**INPUT DATA**
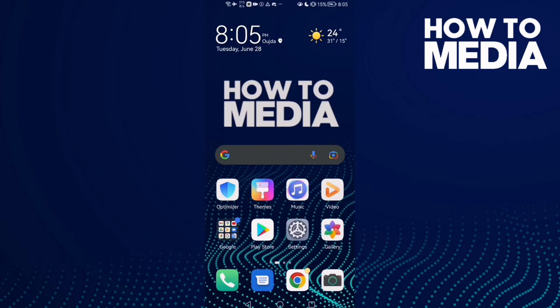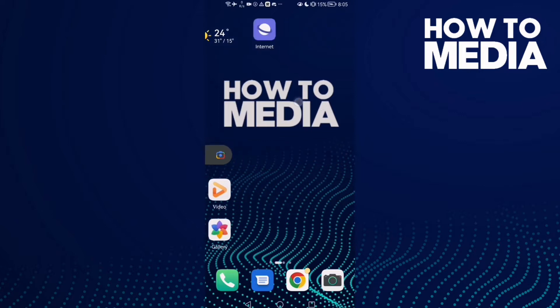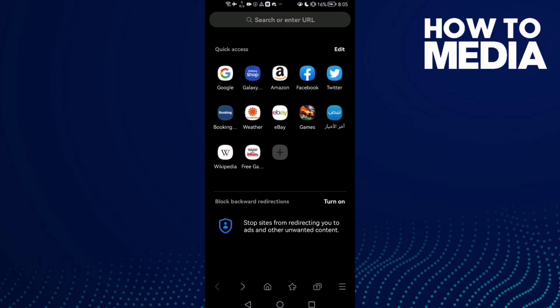Hello guys, in today's video I'm going to show you how to enable automatic downloads on Samsung Internet Browser. First, go to the browser.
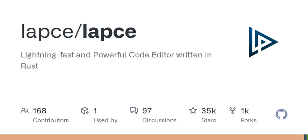Welcome to another episode of Tech Talk Today, where we explore the latest and greatest in technology, from groundbreaking software to exciting innovations that shape our digital landscape. I'm your host, and today we're diving into a powerful new code editor that's making waves: LAPS.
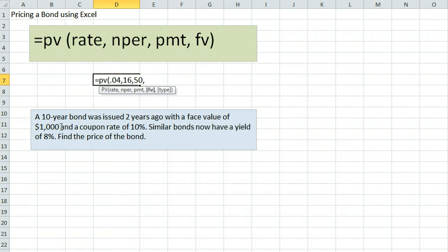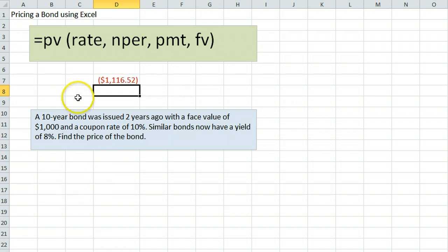The final piece of information we need is the future value — the amount we will receive at the end. At the end we receive the face value of $1,000. Closing the parentheses, that gives us the price of the bond: $1,116.52.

**WORK TO COMPLETE**
Exactly the lines from the line with "Welcome to another" through the end of the data are to be reproduced, and no picture is to be included.

**YOUR SOLUTION**
Welcome to another episode of Tech Talk Today, where we explore the latest and greatest in technology, from groundbreaking software to exciting innovations that shape our digital landscape. I'm your host, and today we're diving into a powerful new code editor that's making waves: LAPS.
The final piece of information we need is the future value — the amount we will receive at the end. At the end we receive the face value of $1,000. Closing the parentheses, that gives us the price of the bond: $1,116.52.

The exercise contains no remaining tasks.